Brief:
Nothing but the lines below from the one containing "Utopia Bedding Steppelt" through the one containing "Composizione artistica di" should appear in the answer, exact and without pictures.

──────── Listed records ────────

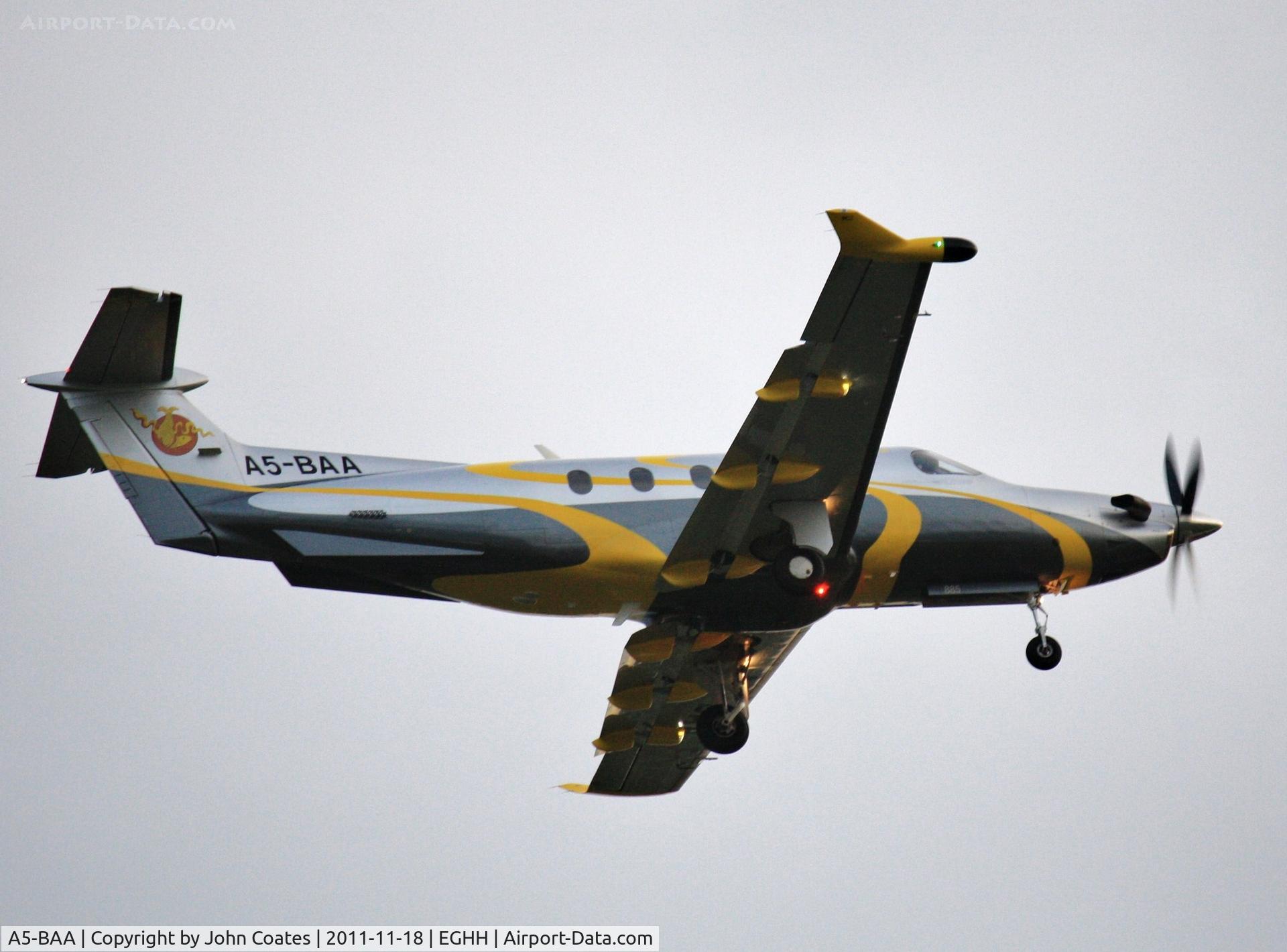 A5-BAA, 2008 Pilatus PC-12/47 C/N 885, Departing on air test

────────
──────── Listed records ────────

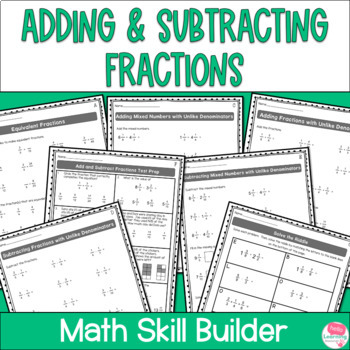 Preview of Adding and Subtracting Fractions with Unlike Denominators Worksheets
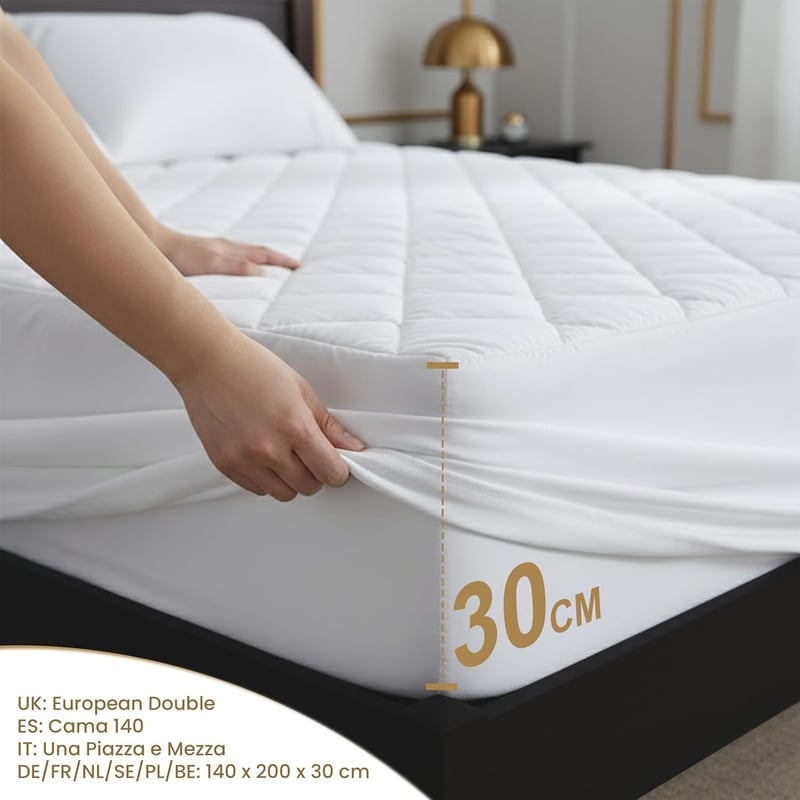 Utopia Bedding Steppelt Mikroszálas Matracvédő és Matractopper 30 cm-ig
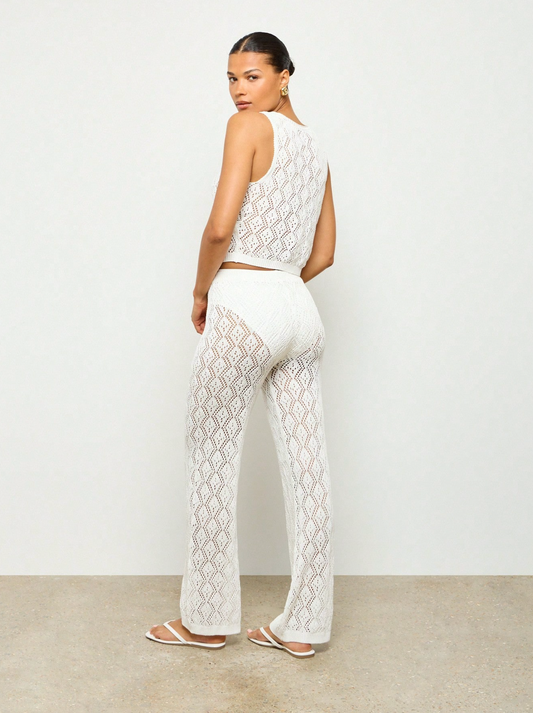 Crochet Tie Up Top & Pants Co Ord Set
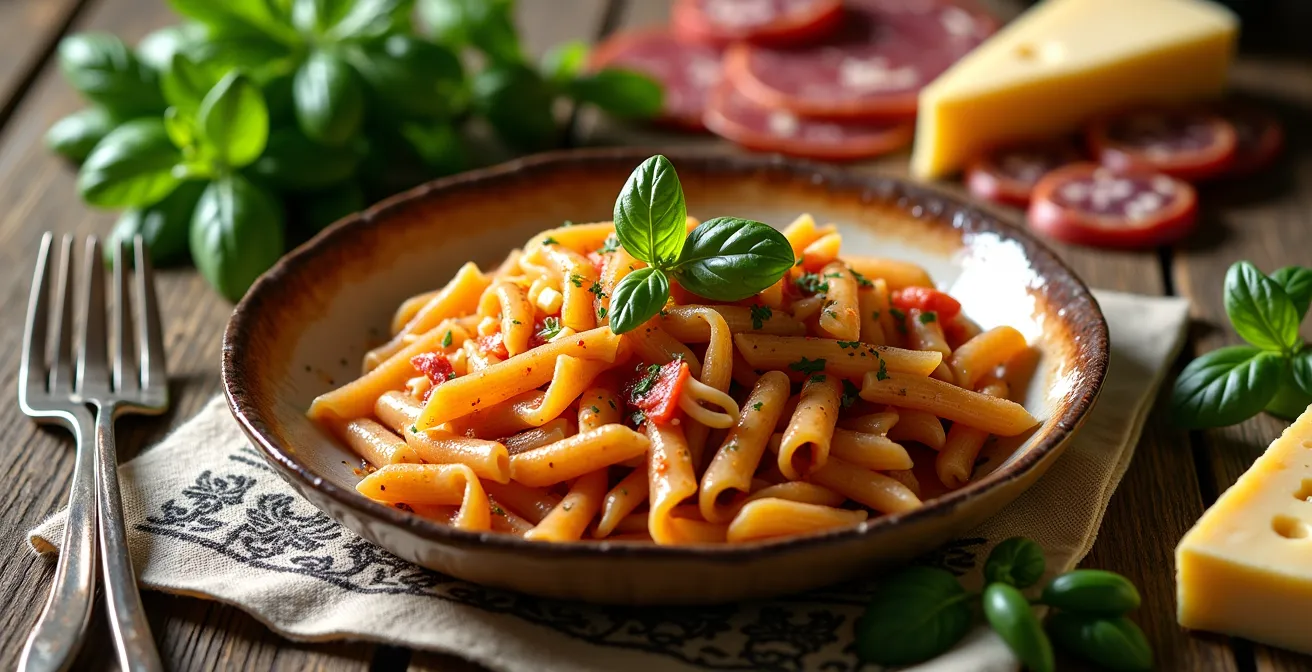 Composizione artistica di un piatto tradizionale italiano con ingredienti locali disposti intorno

────────

Exercise output:
 Utopia Bedding Steppelt Mikroszálas Matracvédő és Matractopper 30 cm-ig
 Crochet Tie Up Top & Pants Co Ord Set
 Composizione artistica di un piatto tradizionale italiano con ingredienti locali disposti intorno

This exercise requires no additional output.